The Uerdinger line is generally considered to be the dividing line between Limburg and Kleverland dialects. In contrast, the language area in Germany known today as South Lower Franconian has the I-minor form ech , while in the Ostberg transitional area, the area between the actual South Lower Franconian and Kleverland and Westphalian , it is already called ek (ik minor form); a quality that Ostberg shares with Kleverland.

Only the dialects of Kerkrade and its immediate surroundings were recognized by everyone as the "Ripuarian-German dialect" and clearly classified as a "Central German dialect".
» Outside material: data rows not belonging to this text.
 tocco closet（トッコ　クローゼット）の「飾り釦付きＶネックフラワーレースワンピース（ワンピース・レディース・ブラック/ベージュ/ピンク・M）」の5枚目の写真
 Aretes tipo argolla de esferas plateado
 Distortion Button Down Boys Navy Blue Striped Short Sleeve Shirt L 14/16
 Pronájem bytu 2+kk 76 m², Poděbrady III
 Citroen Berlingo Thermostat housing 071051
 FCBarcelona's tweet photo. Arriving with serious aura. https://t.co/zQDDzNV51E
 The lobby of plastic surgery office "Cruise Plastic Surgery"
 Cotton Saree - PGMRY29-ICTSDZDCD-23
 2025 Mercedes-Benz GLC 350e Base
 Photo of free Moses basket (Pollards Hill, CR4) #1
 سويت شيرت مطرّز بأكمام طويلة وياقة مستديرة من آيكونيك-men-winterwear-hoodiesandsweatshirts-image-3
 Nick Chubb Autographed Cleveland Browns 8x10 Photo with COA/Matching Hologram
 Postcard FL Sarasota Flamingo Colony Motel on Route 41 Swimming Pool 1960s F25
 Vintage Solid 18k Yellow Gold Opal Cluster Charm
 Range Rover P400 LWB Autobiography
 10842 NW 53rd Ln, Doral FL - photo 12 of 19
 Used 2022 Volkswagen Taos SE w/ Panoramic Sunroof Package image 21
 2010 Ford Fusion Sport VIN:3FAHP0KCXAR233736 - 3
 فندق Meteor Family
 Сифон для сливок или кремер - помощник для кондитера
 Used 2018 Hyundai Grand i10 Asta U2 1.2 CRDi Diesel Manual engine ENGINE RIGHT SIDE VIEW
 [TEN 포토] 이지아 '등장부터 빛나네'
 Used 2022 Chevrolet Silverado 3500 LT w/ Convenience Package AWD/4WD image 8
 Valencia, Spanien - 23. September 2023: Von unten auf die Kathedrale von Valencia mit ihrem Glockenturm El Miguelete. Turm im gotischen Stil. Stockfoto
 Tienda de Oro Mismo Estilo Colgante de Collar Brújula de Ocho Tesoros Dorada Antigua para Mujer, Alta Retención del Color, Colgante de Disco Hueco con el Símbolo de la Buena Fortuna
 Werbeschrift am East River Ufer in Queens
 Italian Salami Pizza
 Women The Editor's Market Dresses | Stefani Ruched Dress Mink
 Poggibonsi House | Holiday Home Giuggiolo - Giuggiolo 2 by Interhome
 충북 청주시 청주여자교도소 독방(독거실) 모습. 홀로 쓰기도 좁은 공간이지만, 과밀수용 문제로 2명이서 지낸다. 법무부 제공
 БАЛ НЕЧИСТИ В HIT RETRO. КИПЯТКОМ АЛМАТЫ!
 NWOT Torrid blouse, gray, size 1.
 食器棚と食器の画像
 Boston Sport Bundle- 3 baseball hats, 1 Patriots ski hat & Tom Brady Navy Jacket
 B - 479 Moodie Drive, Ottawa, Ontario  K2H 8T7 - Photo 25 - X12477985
In his studies, Theodor Frings put forward the theory that there was a special dialect continuum , which he referred to in his writings as the East Limburg-Ripuarian transition area. This theory was further developed by other Germanists, and they now refer to the Limburg dialect area as Südniederfränkisch , without an explicit classification in the Lower or Middle Franconian dialect area. For the Limburg-Kleverland language levels of the Middle Ages, the neutral term Rhine-Maasland is used today, so that these language levels do not have to be classified as "Dutch" or "German". This takes into account the fact that Limburg (and Kleverland) has many similarities with both neighboring languages ​​in this transition area. With the consolidation of the entire Lower Rhine-Maas area into "Rhine-Maasland", the dialect area of ​​Kleverland was also included.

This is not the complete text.